======== INPUT DATA ========
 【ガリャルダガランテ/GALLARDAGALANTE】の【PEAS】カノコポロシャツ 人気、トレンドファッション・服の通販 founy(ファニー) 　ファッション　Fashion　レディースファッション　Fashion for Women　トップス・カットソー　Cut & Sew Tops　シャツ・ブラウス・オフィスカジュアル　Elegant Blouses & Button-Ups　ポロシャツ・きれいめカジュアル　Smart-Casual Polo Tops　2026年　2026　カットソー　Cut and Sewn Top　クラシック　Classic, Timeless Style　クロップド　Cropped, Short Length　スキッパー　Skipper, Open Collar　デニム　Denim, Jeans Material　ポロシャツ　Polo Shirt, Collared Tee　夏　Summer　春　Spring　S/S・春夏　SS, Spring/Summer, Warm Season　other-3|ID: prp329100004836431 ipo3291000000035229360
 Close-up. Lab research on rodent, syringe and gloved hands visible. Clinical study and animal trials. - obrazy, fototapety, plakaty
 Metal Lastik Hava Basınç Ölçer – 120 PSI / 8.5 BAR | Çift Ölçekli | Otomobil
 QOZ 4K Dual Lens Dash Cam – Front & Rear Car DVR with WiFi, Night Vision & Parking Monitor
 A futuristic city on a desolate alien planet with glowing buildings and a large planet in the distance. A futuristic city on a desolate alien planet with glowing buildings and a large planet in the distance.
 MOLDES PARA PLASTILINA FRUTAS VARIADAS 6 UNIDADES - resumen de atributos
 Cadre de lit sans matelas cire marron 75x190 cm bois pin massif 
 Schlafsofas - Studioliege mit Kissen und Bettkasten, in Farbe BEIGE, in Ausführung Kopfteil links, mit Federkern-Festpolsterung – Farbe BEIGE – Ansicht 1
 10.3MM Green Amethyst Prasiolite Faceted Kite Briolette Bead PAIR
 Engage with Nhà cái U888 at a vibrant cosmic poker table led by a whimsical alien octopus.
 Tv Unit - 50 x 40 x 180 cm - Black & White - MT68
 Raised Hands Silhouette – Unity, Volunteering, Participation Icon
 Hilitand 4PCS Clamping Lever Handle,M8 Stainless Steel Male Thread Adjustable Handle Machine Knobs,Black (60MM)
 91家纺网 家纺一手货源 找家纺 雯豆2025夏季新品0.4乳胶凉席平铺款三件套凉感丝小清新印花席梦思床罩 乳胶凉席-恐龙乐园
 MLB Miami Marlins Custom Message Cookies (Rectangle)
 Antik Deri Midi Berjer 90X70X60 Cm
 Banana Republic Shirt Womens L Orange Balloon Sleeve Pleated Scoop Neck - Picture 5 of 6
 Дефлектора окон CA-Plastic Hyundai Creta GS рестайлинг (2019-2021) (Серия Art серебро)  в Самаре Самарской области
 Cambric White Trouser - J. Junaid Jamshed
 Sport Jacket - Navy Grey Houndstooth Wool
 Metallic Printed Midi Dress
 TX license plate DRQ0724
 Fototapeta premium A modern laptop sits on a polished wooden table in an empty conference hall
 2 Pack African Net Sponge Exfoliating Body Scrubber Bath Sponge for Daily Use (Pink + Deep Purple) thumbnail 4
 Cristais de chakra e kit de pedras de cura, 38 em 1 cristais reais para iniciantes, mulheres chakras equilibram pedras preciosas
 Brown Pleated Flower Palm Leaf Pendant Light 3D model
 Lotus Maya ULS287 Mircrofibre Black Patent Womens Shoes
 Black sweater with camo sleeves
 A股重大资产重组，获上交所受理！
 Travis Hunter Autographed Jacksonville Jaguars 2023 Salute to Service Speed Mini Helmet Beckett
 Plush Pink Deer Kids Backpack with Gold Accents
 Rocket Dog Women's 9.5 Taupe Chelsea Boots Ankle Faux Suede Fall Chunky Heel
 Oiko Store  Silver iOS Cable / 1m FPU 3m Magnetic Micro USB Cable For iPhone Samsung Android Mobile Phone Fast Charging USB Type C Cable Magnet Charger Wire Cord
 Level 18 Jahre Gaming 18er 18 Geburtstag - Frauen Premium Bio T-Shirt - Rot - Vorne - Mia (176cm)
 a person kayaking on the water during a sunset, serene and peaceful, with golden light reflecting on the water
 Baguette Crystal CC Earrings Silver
========
From the first line through the last, give the data above again exactly.

 【ガリャルダガランテ/GALLARDAGALANTE】の【PEAS】カノコポロシャツ 人気、トレンドファッション・服の通販 founy(ファニー) 　ファッション　Fashion　レディースファッション　Fashion for Women　トップス・カットソー　Cut & Sew Tops　シャツ・ブラウス・オフィスカジュアル　Elegant Blouses & Button-Ups　ポロシャツ・きれいめカジュアル　Smart-Casual Polo Tops　2026年　2026　カットソー　Cut and Sewn Top　クラシック　Classic, Timeless Style　クロップド　Cropped, Short Length　スキッパー　Skipper, Open Collar　デニム　Denim, Jeans Material　ポロシャツ　Polo Shirt, Collared Tee　夏　Summer　春　Spring　S/S・春夏　SS, Spring/Summer, Warm Season　other-3|ID: prp329100004836431 ipo3291000000035229360
 Close-up. Lab research on rodent, syringe and gloved hands visible. Clinical study and animal trials. - obrazy, fototapety, plakaty
 Metal Lastik Hava Basınç Ölçer – 120 PSI / 8.5 BAR | Çift Ölçekli | Otomobil
 QOZ 4K Dual Lens Dash Cam – Front & Rear Car DVR with WiFi, Night Vision & Parking Monitor
 A futuristic city on a desolate alien planet with glowing buildings and a large planet in the distance. A futuristic city on a desolate alien planet with glowing buildings and a large planet in the distance.
 MOLDES PARA PLASTILINA FRUTAS VARIADAS 6 UNIDADES - resumen de atributos
 Cadre de lit sans matelas cire marron 75x190 cm bois pin massif 
 Schlafsofas - Studioliege mit Kissen und Bettkasten, in Farbe BEIGE, in Ausführung Kopfteil links, mit Federkern-Festpolsterung – Farbe BEIGE – Ansicht 1
 10.3MM Green Amethyst Prasiolite Faceted Kite Briolette Bead PAIR
 Engage with Nhà cái U888 at a vibrant cosmic poker table led by a whimsical alien octopus.
 Tv Unit - 50 x 40 x 180 cm - Black & White - MT68
 Raised Hands Silhouette – Unity, Volunteering, Participation Icon
 Hilitand 4PCS Clamping Lever Handle,M8 Stainless Steel Male Thread Adjustable Handle Machine Knobs,Black (60MM)
 91家纺网 家纺一手货源 找家纺 雯豆2025夏季新品0.4乳胶凉席平铺款三件套凉感丝小清新印花席梦思床罩 乳胶凉席-恐龙乐园
 MLB Miami Marlins Custom Message Cookies (Rectangle)
 Antik Deri Midi Berjer 90X70X60 Cm
 Banana Republic Shirt Womens L Orange Balloon Sleeve Pleated Scoop Neck - Picture 5 of 6
 Дефлектора окон CA-Plastic Hyundai Creta GS рестайлинг (2019-2021) (Серия Art серебро)  в Самаре Самарской области
 Cambric White Trouser - J. Junaid Jamshed
 Sport Jacket - Navy Grey Houndstooth Wool
 Metallic Printed Midi Dress
 TX license plate DRQ0724
 Fototapeta premium A modern laptop sits on a polished wooden table in an empty conference hall
 2 Pack African Net Sponge Exfoliating Body Scrubber Bath Sponge for Daily Use (Pink + Deep Purple) thumbnail 4
 Cristais de chakra e kit de pedras de cura, 38 em 1 cristais reais para iniciantes, mulheres chakras equilibram pedras preciosas
 Brown Pleated Flower Palm Leaf Pendant Light 3D model
 Lotus Maya ULS287 Mircrofibre Black Patent Womens Shoes
 Black sweater with camo sleeves
 A股重大资产重组，获上交所受理！
 Travis Hunter Autographed Jacksonville Jaguars 2023 Salute to Service Speed Mini Helmet Beckett
 Plush Pink Deer Kids Backpack with Gold Accents
 Rocket Dog Women's 9.5 Taupe Chelsea Boots Ankle Faux Suede Fall Chunky Heel
 Oiko Store  Silver iOS Cable / 1m FPU 3m Magnetic Micro USB Cable For iPhone Samsung Android Mobile Phone Fast Charging USB Type C Cable Magnet Charger Wire Cord
 Level 18 Jahre Gaming 18er 18 Geburtstag - Frauen Premium Bio T-Shirt - Rot - Vorne - Mia (176cm)
 a person kayaking on the water during a sunset, serene and peaceful, with golden light reflecting on the water
 Baguette Crystal CC Earrings Silver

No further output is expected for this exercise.